Causa Iman Karana, Deputi Kepala Perwakilan Bank Indonesia (BI) Sulawesi Selatan, mengatakan industri properti di kawasan ini masih sangat menjanjikan karena pertumbuhan ekonomi yang pesat serta kebutuhan perumahan yang sangat tinggi.
Tingginya potensi tersebut, lanjutnya, mendorong perbankan untuk meningkatkan portofolio kredit pemilikan rumah (KPR) yang mencapai Rp12,27 triliun pada akhir Maret 2015. “Portofolio KPR di Sulsel meningkat 8,42 persen bila dibandingkan dengan setahun sebelumnya,” ujarnya kepada Bisnis.com, Senin 27 April 2015.
Bila dirinci, KPR didominasi oleh pembiayaan rumah dengan tipe di bawah 70m2 dengan nilai Rp7,93 triliun, meningkat 8,81 persen dari setahun sebelumnya. Adapun rumah di atas 70m2 memiliki outstanding KPR Rp4,33 triliun, meningkat 7,33 persen dari setahun lalu.
Namun, data BI menunjukkan terjadi lonjakan kredit bermasalah (nonperforming loan/NPL) pada rumah tipe di bawah 70 m2, yang mencapai 4,17 persen. “Memang masih di bawah ambang 5 persen, tetapi ada kecenderungan peningkatan,” jelasnya.
Causa menduga peningkatan NPL pada KPR disebabkan dua kebijakan pada industri pertambangan dan perhotelan. Pertama, larangan ekspor mineral mentah berdasarkan UU 4/2009 tentang Pertambangan Mineral dan Batubara.

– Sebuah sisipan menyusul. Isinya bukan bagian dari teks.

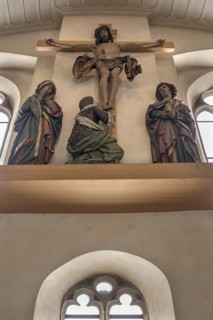 Placed on the west wall is the monumental crucifixion group from around 1510 by the carver Veit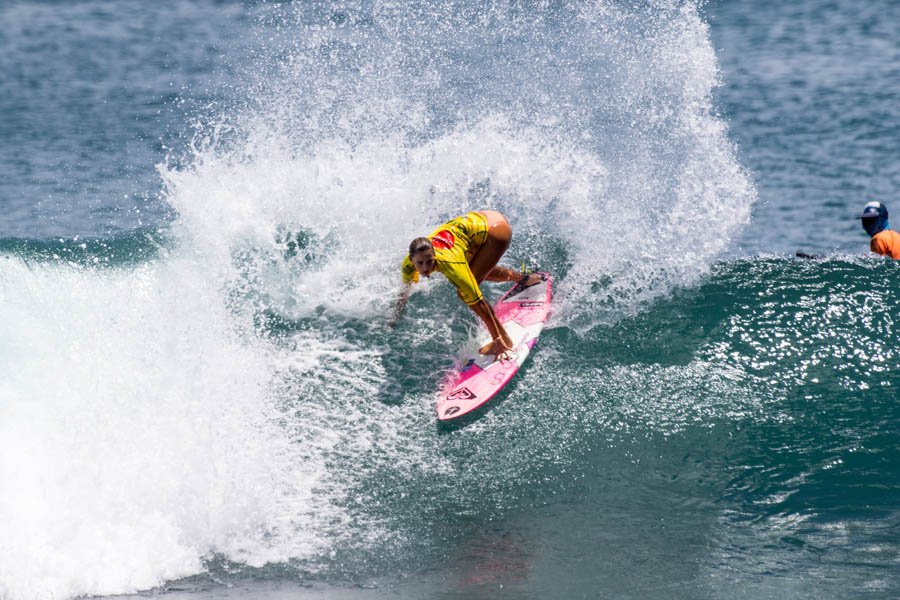 Chelsea Teauch from Barbados throws spray and before advancing to Round 2 of the Main Event. Photo: ISA/Dave Nelson
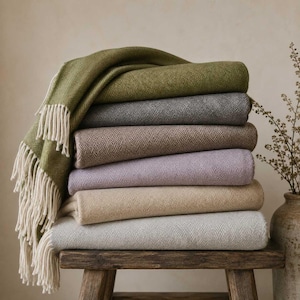 Puede incluir: Una pila de seis mantas dobladas con un patrón de espiga. Los colores incluyen verde oliva, gris carbón, marrón, morado claro, beige y gris claro. Cada manta tiene borlas de flecos de color crema a lo largo de los bordes laterales.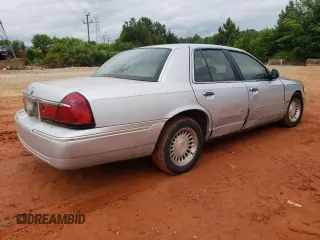1999 Mercury Grand Marquis LS z VIN 2MEFM75W3XX617388, wystawiony jako Copart lot #58811195 z przebiegiem 162 600 mil mil oraz Szkoda całkowita • Salvage title. Historia ofert i sprzedaży dostępna na DreamBid. Obrazek 3.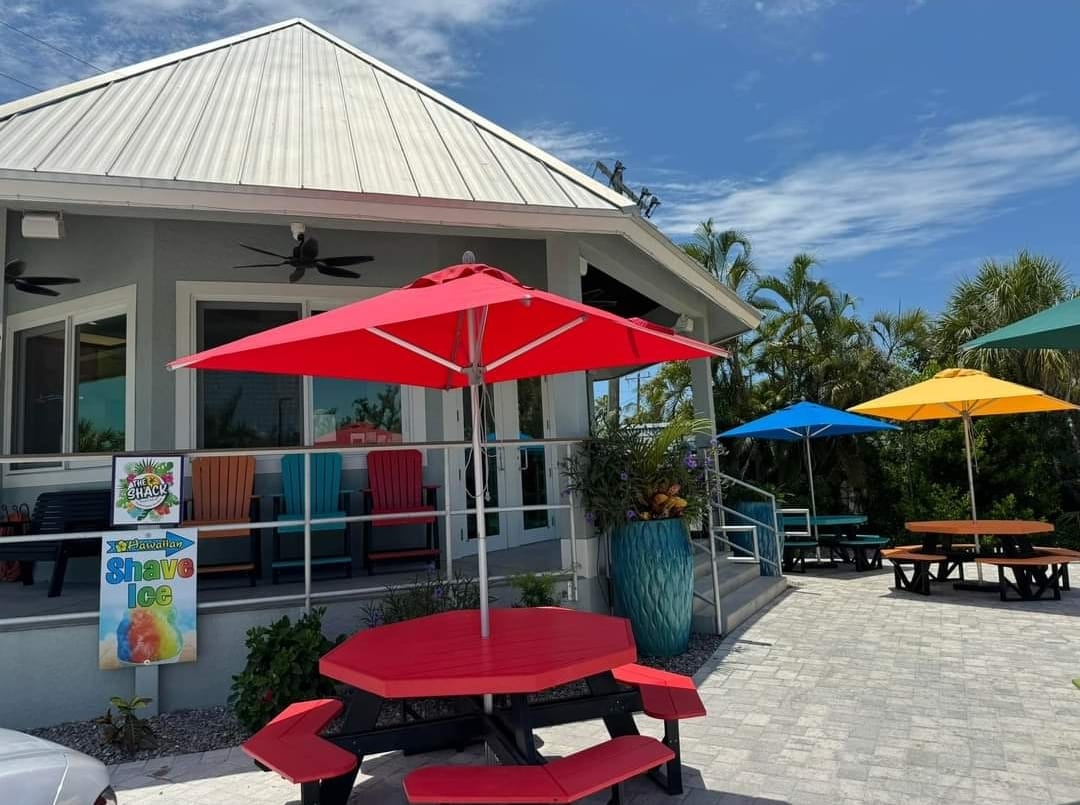 a red table and umbrellas outside of a building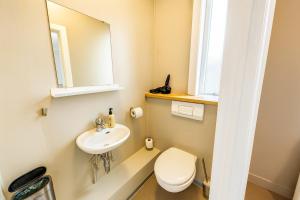 a bathroom with a sink and a toilet and a mirror at The Stykkishólmur Inn by Ourhotels in Stykkishólmur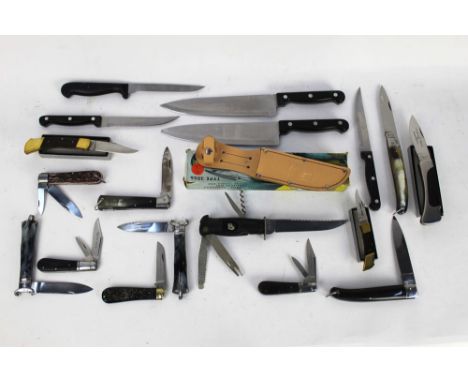 Nineteen folding and fixed blade knives, Whitby, Lockwood Brothers Sheffield and two knives with 12 bore cartridge extractors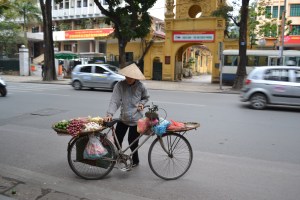 Woman carries goods for sale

Kebijakan tersebut sempat menyebabkan operasional tambang berhenti beroperasi. Hal tersebut berimbas pada industri turunan tambang, seperti transportasi, logistik, akomodasi dan lain lain juga mengalami penurunan pendapatan.
“Akibatnya repayment capacity dari para pegawai untuk membayar KPR jadi terhambat,” ujarnya.

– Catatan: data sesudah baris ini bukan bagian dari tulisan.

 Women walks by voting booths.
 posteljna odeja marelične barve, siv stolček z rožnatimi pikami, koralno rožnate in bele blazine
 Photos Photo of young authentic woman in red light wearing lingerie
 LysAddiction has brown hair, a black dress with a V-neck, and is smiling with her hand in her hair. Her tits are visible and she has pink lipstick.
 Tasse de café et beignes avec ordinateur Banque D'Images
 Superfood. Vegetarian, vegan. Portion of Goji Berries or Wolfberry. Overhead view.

Adapun kebijakan kedua yang berpengaruh ke KPR adalah himbauan bagi instansi pemerintah dan BUMN untuk tidak melakukan rapat di hotel. Hal ini menyebabkan pendapatan hotel turun signifikan dan berimbas kepada supplier barang dan jasa perhotelan.
Akibatnya, pendapatan para pegawai yang terkait di industri jadi berkurang sehingga pembayaran cicilan KPR pun terhambat. “Selain itu juga ada masalah akibat kenaikan harga BBM yang menurunkan daya beli masyarakat,” jelasnya.
Sementara itu, kenaikan suku bunga KPR yang dipicu oleh naiknya BI Rate sebesar 200 basispoint hingga sempat menyentuh 7,75 persen menurut Causa tidak banyak berpengaruh terhadap NPL.
“Kalau BI Rate pengaruhnya tidak terlalu tinggi karena transmisinya tidak terlalu cepat,” jelasnya.
Causa optimistis NPL di pembiayaan perumahan dapat ditekan setelah industri pertambangan dan perhotelah beroperasi normal. “Itu hanya shock saja karena industri tambang sudah mulai beroperasi dan sudah tidak ada larangan rapat di hotel,” jelasnya.
Sementara itu, Ketua Persatuan Perusahaan Real Estate Indonesia (REI) Sulsel Arief Mone mengatakan industri properti di Sulawesi Selatan pada 2015 diyakini bakal tetap cerah dengan kecenderungan pertumbuhan pada segmen hunian menengah ke atas.
Dia menjelaskan pertumbuhan ekonomi Sulsel yang diproyeksi berada pada kisaran 7,5-8,5 persen pada tahun ini diyakni bakal diikuti oleh gairah sektor properti yang mampu tumbuh sekitar 15 persen.
"Rumah dengan segmen menengah ke atas cenderung menjadi prioritas bisnis kami di REI, apalagi landed house masih menjadi primadona," ujarnya kepada Bisnis belum lama ini.